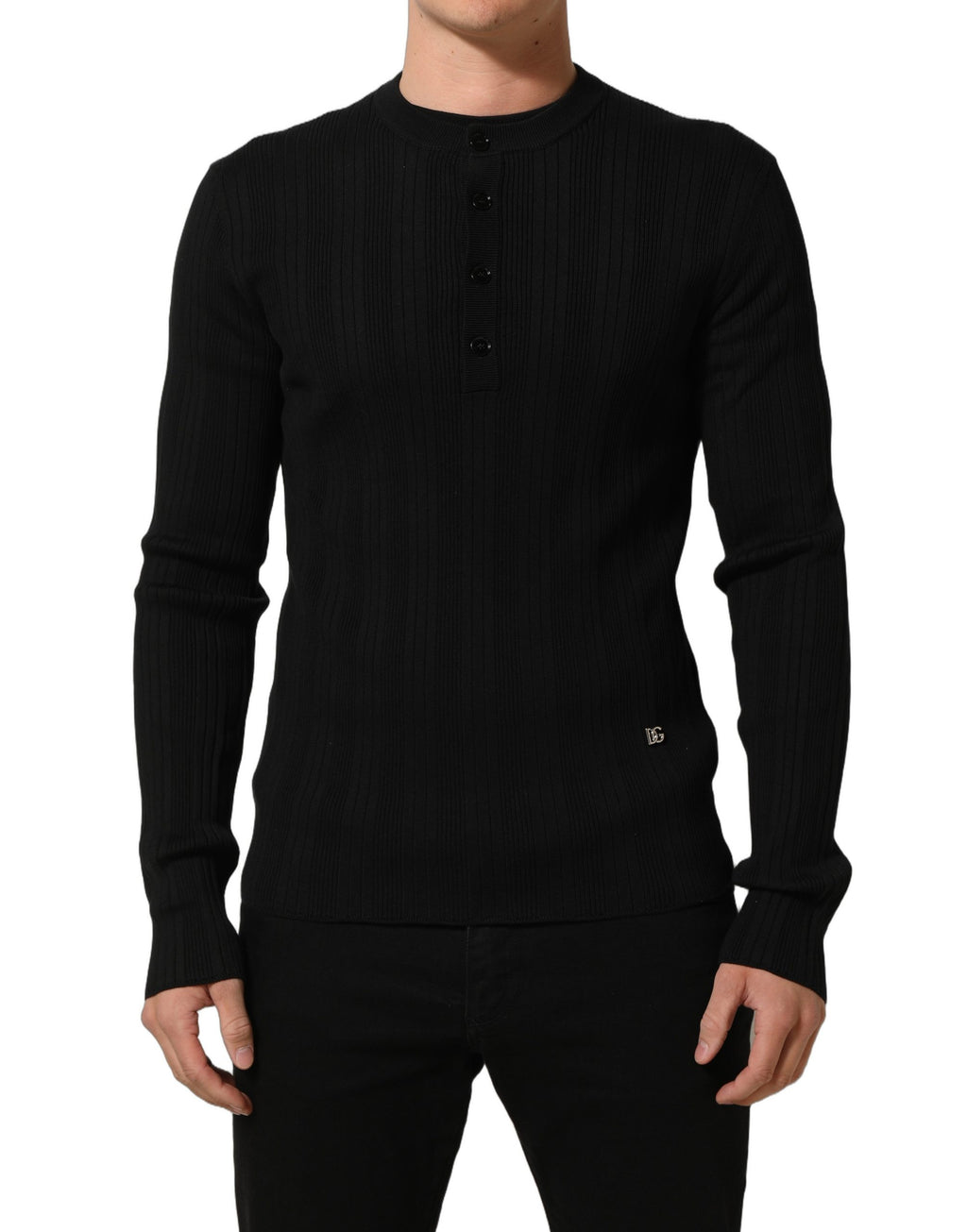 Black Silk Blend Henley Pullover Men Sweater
§ §
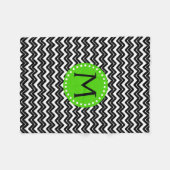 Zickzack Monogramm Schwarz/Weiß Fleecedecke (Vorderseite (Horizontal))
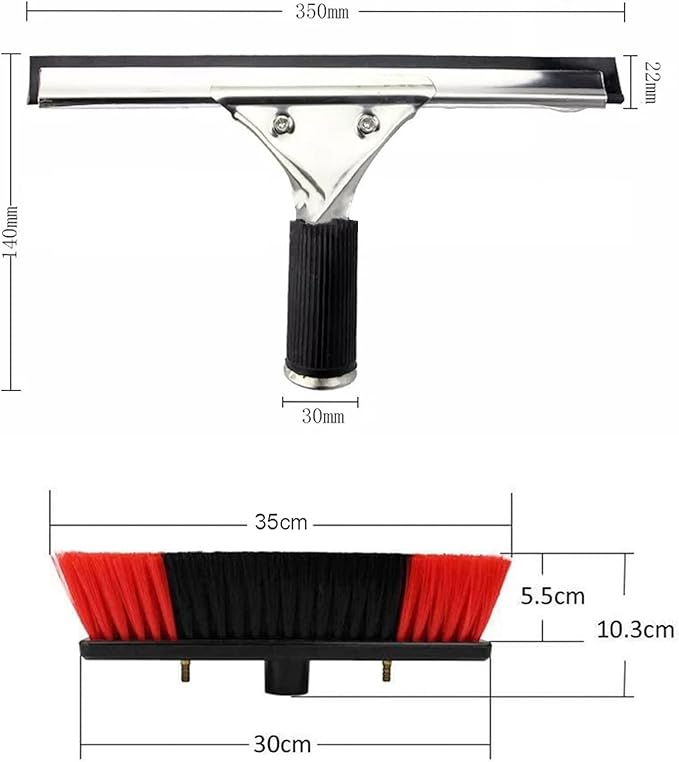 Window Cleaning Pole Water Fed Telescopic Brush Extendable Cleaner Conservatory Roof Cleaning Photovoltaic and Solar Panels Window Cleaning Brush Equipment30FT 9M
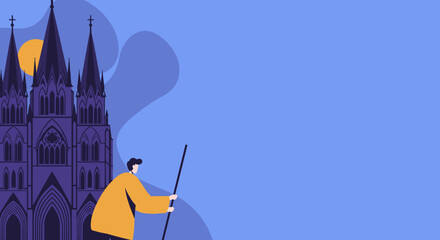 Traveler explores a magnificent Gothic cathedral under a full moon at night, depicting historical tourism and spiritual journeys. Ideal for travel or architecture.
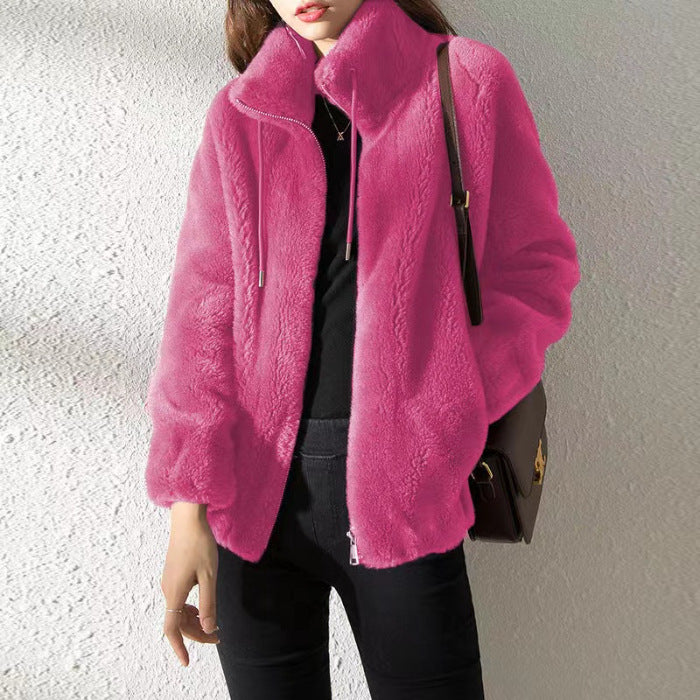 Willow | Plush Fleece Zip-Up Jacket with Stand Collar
§ §
The answer is the lines of the material above, from the one containing "Zickzack Monogramm Schwarz/Weiß" down to the one containing "Willow | Plush", given exactly and without images.

 Zickzack Monogramm Schwarz/Weiß Fleecedecke (Vorderseite (Horizontal))
 Window Cleaning Pole Water Fed Telescopic Brush Extendable Cleaner Conservatory Roof Cleaning Photovoltaic and Solar Panels Window Cleaning Brush Equipment30FT 9M
 Traveler explores a magnificent Gothic cathedral under a full moon at night, depicting historical tourism and spiritual journeys. Ideal for travel or architecture.
 Willow | Plush Fleece Zip-Up Jacket with Stand Collar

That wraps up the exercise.